Task
In the material below, find the line with "Minimalistisches Hochzeitmenü Vielen" and the line with "IMG_5377 Carte reproduction", then output those two lines and every line between them, exactly.

Data for analysis
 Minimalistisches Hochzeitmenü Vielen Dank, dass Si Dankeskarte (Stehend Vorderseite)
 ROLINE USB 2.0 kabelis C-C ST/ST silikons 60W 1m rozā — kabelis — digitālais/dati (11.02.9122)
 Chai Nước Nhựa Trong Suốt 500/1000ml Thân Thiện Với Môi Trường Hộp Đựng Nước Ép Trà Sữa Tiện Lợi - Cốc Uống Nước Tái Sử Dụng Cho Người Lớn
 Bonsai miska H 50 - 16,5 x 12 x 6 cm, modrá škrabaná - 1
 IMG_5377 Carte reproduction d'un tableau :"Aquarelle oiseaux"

* * *

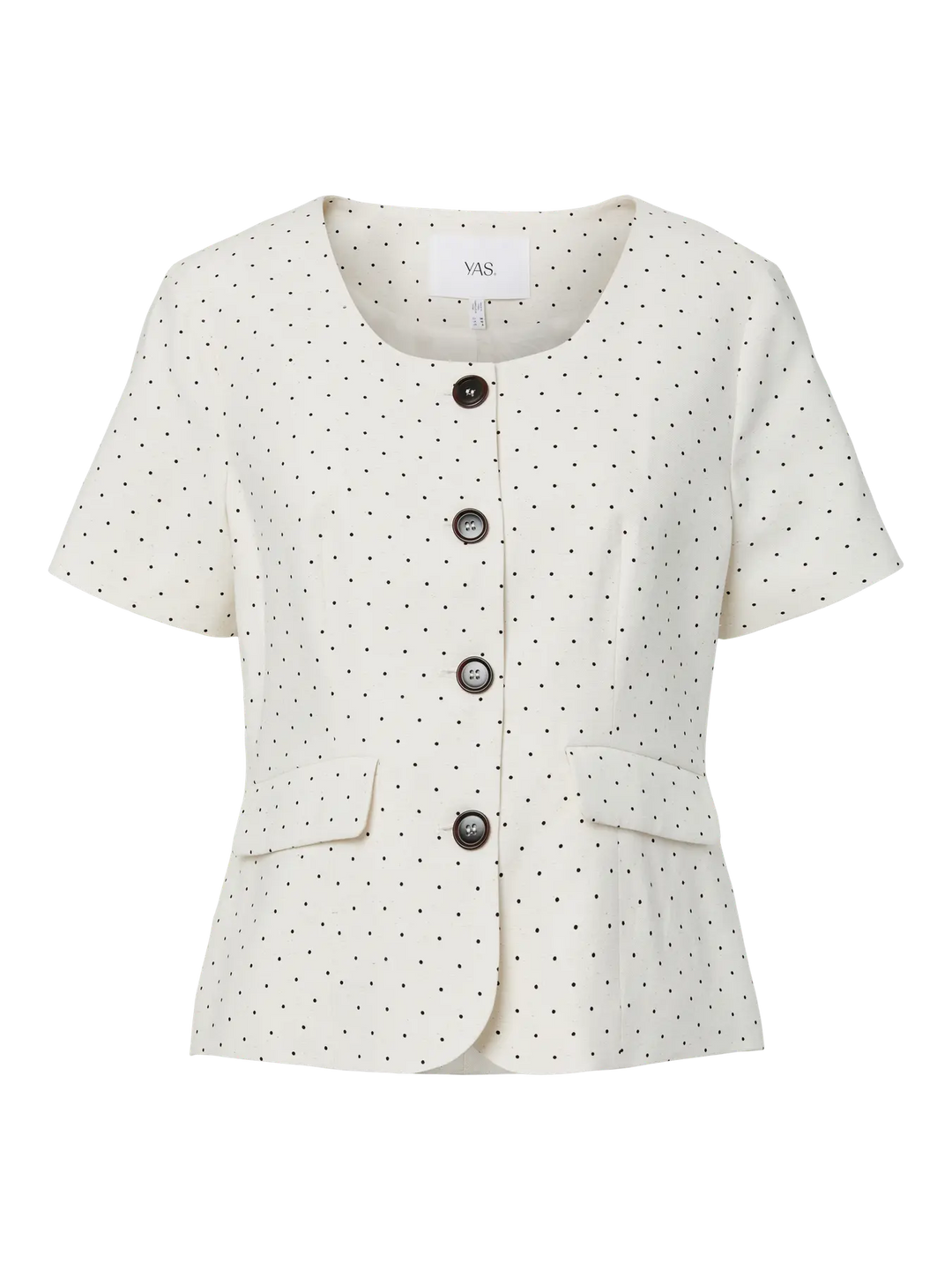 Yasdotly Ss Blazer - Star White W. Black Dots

Result below
 Minimalistisches Hochzeitmenü Vielen Dank, dass Si Dankeskarte (Stehend Vorderseite)
 ROLINE USB 2.0 kabelis C-C ST/ST silikons 60W 1m rozā — kabelis — digitālais/dati (11.02.9122)
 Chai Nước Nhựa Trong Suốt 500/1000ml Thân Thiện Với Môi Trường Hộp Đựng Nước Ép Trà Sữa Tiện Lợi - Cốc Uống Nước Tái Sử Dụng Cho Người Lớn
 Bonsai miska H 50 - 16,5 x 12 x 6 cm, modrá škrabaná - 1
 IMG_5377 Carte reproduction d'un tableau :"Aquarelle oiseaux"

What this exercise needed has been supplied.